RCC Grad Josh Williams
Beginning at an early age, Josh Williams would often peer down at his bicycle frame and carefully check out the welded connections. “I always knew I wanted to learn how to put those materials together,” Williams said.
He started touring on the BMX racing circuit at age 4 and was familiar with the importance of bike durability.
Taking welding classes at Grants Pass High School set Williams on a path to follow his interests, and after graduating in 2006, he enrolled in the Rogue Community College Welding Technology program. “I really started getting serious about honing my skills at RCC,” said Williams, who went on to earn an associate’s degree. “RCC is a great place to learn.”
Now 22, Williams started working last year for Isla Carmen LLC, a small, innovative Grants Pass manufacturing and development company. Founded in 2000, the company makes and ships Chameleon floor registers, a unique flush-mounted floor grill, coast-to-coast to contractors, installers, architects, distributors and wholesalers. Isla Carmen is co-owned by Mark Goracke and Steve Albert.
When he was first hired, Williams started off doing shipping and receiving and quickly worked into production, which is “right up my alley,” he said. “I’m now working full time and feel very fortunate.” His bosses feel equally lucky to have Williams on board.

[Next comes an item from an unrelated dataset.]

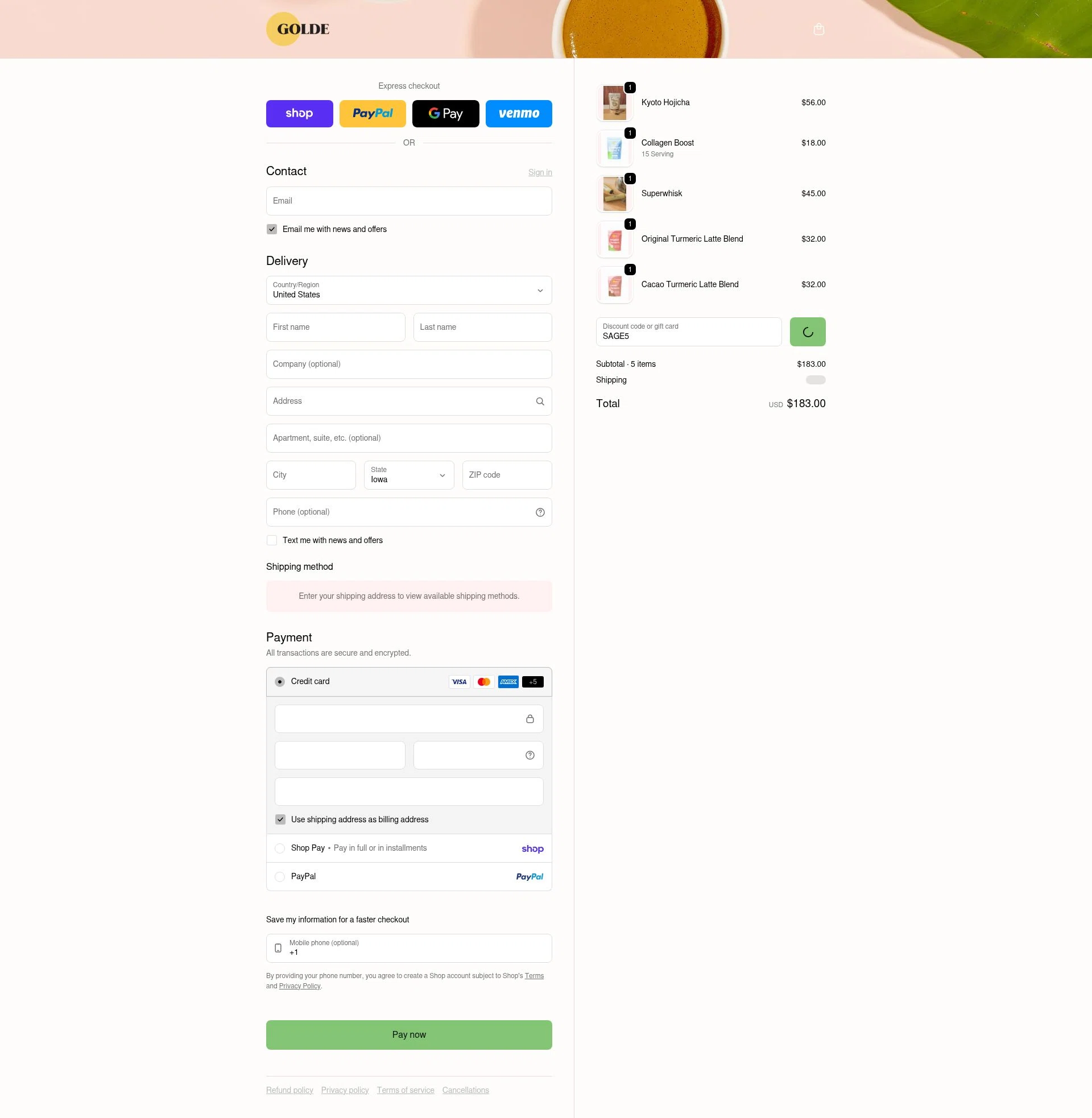Golde checkout page showing Golde discount code box | Screenshot taken by SimplyCodes community member on Feb 6, 2026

“Whoever his teachers were at RCC and Grants Pass High, I need to shake their hands,” Goracke noted. “They really helped him achieve his goals. Josh speaks very highly of both programs.”
Goracke has taken RCC courses himself, which helped strengthen the company. “The college’s Small Business Development Center gets you grounded,” he said. “If you were running on hunches, they help you factualize things. And it’s excellent being in classes with other business people; their feedback is very helpful.”

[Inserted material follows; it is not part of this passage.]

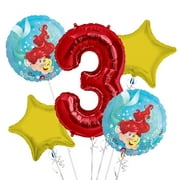 Ariel Balloon Bouquet 3rd Birthday 5 pcs - Party Supplies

Williams guided the company’s selection of new welding equipment, Goracke said, adding that Isla Carmen strives to purchase domestically produced tools and materials. “Josh helped steer us toward what we need and set it up. It’s not a simple matter. He’s a pretty remarkable person — I wish we could clone him.”
While still in high school, Williams took a number of RCC’s College Now Credits, which saved him time and money when he began attending Rogue. “I got a lot of prerequisites out of the way,” he said, adding that receiving several RCC Foundation scholarships “made a huge difference.”

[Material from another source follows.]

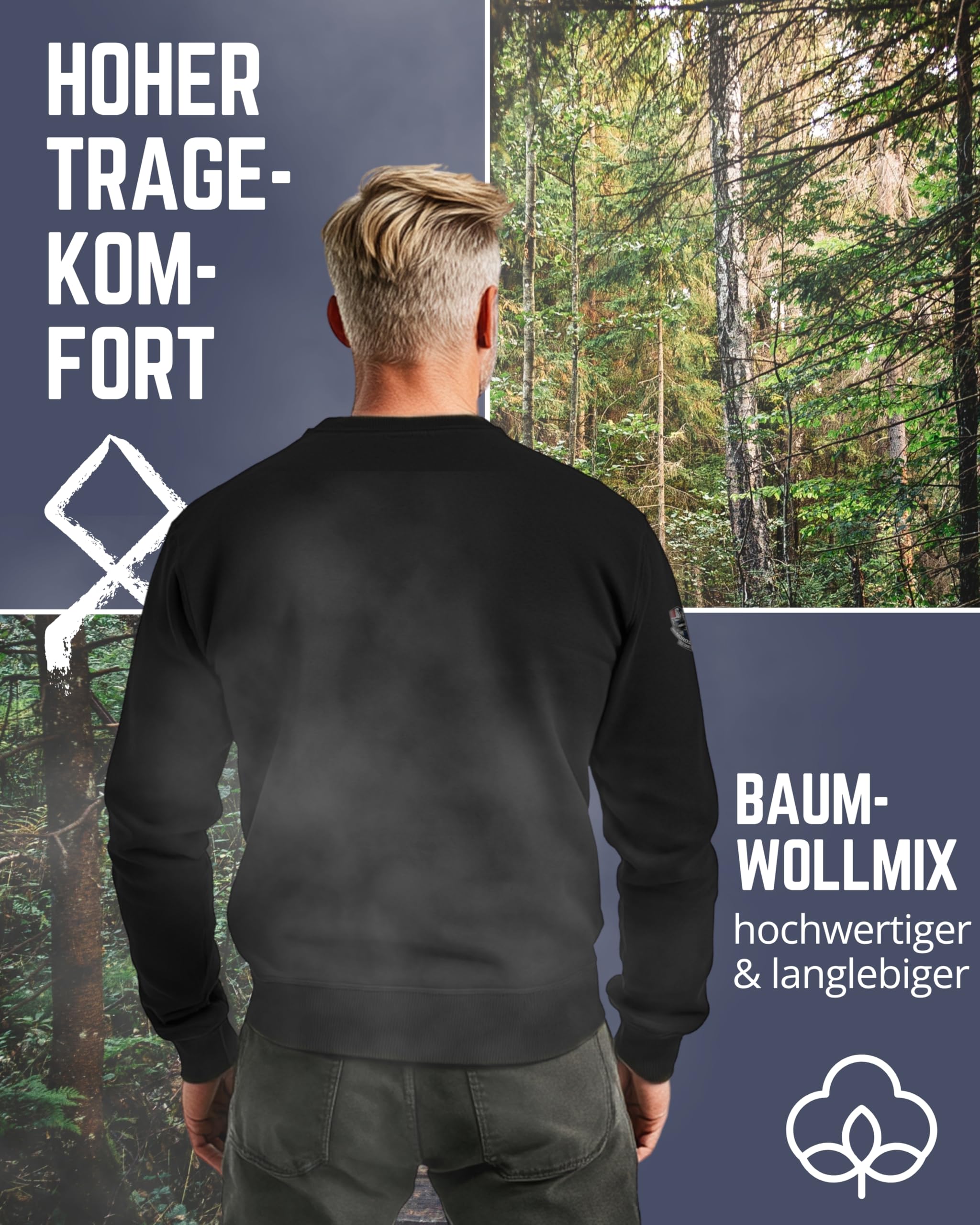 NORDGARD Viking Sweatshirt Nordisk I Pulli aus 80% Baumwolle & 20% Polyester I Wikinger-Sweater mit Brustdruck I Ideal für Freizeit & Sport I Oeko-TEX Zertifiziert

Williams said he learned more than welding while earning his degree; he gained skills that will help him reach his goal of building mountain bike frames. “At the time I wasn’t so sure how applicable other classes were to my work, but I’ve seen how they helped me better myself,” he said. Math skills come in handy daily, and a communication class taught by Bobbi Kidder helped Williams become a more well-rounded individual.
“The best thing about welding is you can fix whatever you break and save a lot of money. And I like the challenge of taking on a project and working with my hands. Then you can step back and feel a sense of accomplishment.”